Dona Antónia extended the fame and great reputation of Vesúvio. This reputation was reflected in a steam ship, named Quinta do Vesúvio, which travelled between Porto and Lisbon in the middle of the century. At that time this represented the pinnacle of modern transport (before the railway linked Portugal's two principal cities).
Manuel Monteiro, a contemporany Douro author said of Antónia’s properties, “the extent of the territory they occupy is vast and admits of no analogy, since some of those buildings represent the best, most exciting and stylish in the wine-making region.” And this extended to the wines too. Antónia was the first to bottle the wines from Vesúvio and sell them under the Quinta’s own name. This was unprecedented in the nineteenth century and began to build the Quinta’s exceptional reputation.
When phylloxera ravaged the Douro, Antónia began to experiment with new grape varieties and new techniques of grafting in her vineyards. During these years the Portuguese wine economy suffered significantly. To counteract this, Antónia diversified in quite remarkable ways. In order to keep her workers gainfully employed she planned a colossal dry-stone wall to encircle the entire perimeter, a circumference of 16 kilometres. Although a hard task (and colossally expensive), this represented her noble and caring attitude. While other producers in the Douro were laying off their employees, Antónia found ways to keep them on, so they could continue earning a living.

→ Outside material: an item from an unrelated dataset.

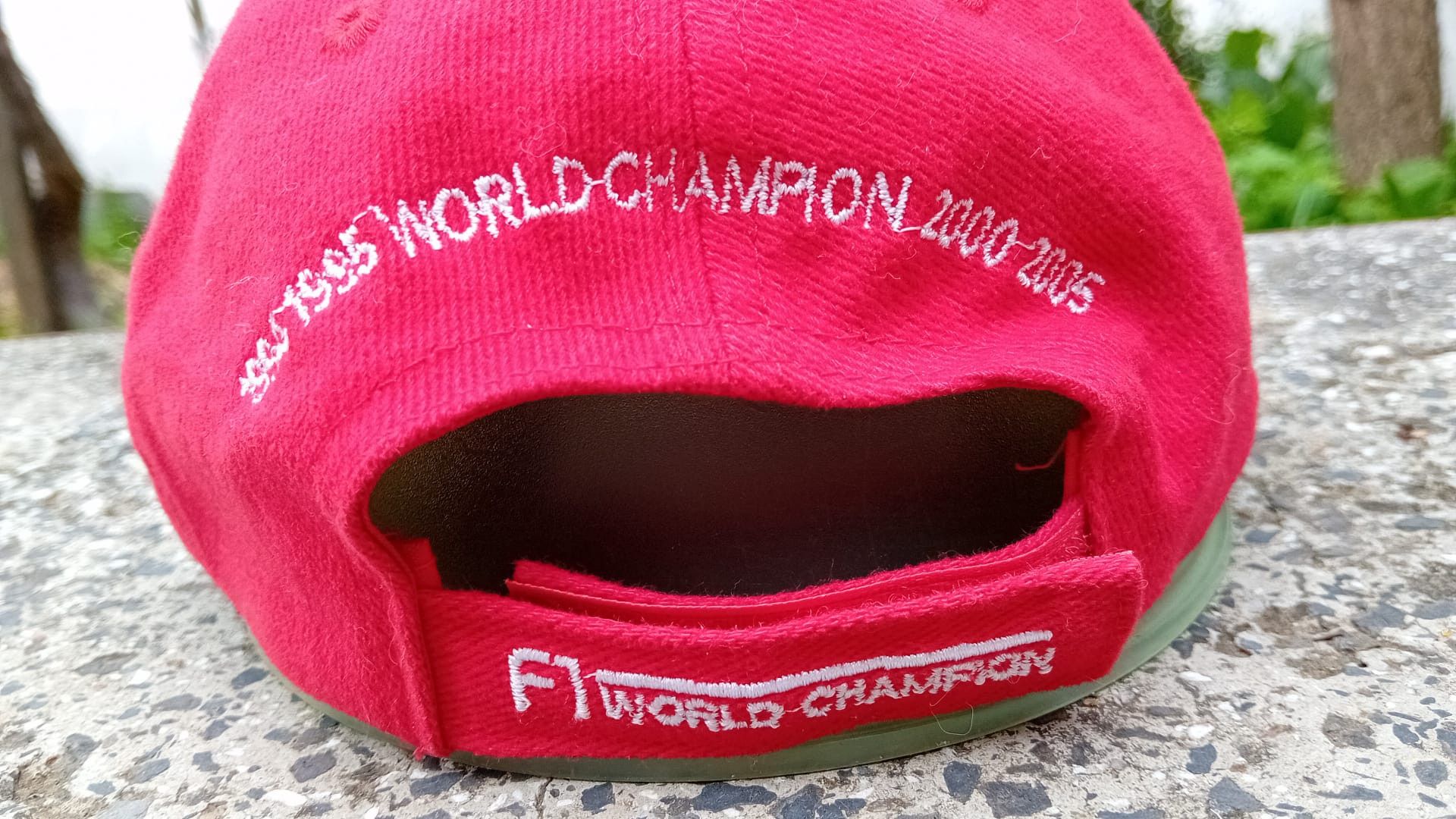 Ferrari × Formula 1 × Vintage Michael Schumacher Ferrari F1 World Champion 2005 Hat Size ONE SIZE - 4 Thumbnail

Another way she did this was by planting orchards, nut trees, cereals and other crops as well as grazing flocks of animals. One particularly outlandish experiment during the Phylloxera years was her decision to plant hundreds of mulberry trees at Vesúvio in an attempt to breed silkworms to start a silk business. These various projects kept the community of workers that depended on Vesúvio occupied even through this crisis.
The success of this strategy and the estraordinary international image that Vesúvio obtained through these years is demonstrated by two significant events. In 1866 Antónia sent “a box of almonds with the D. A.A.A F. trademarks together with four bottles of olive oil and ten jars of almonds – produce of the Quinta do Vesúvio” to the Paris Exhibition.
Then in 1868 she took the revolutionary step of bottling the first known single quinta wine, the 1868 Quinta do Vesúvio Vintage Port, the label showing the 1830s map of the property, so beginning the fame of the Quinta do Vesúvio trademark. In the 1870s and 1880s she also renovated and expanded the house and the chapel, which remain today just as she rebuilt them.
Dona Antónia died in 1896. Through her descendants Vesúvio passed through the hands of the Briti Cunha family for many generations until in 1989 when another family took up where the previous acts had left off: the Symingtons. This family, winemakers in the Douro for five generations, has preserved and reinvigorated the original imagination and energy that brought the seven hills and thirty-one valleys of Vesúvio to life.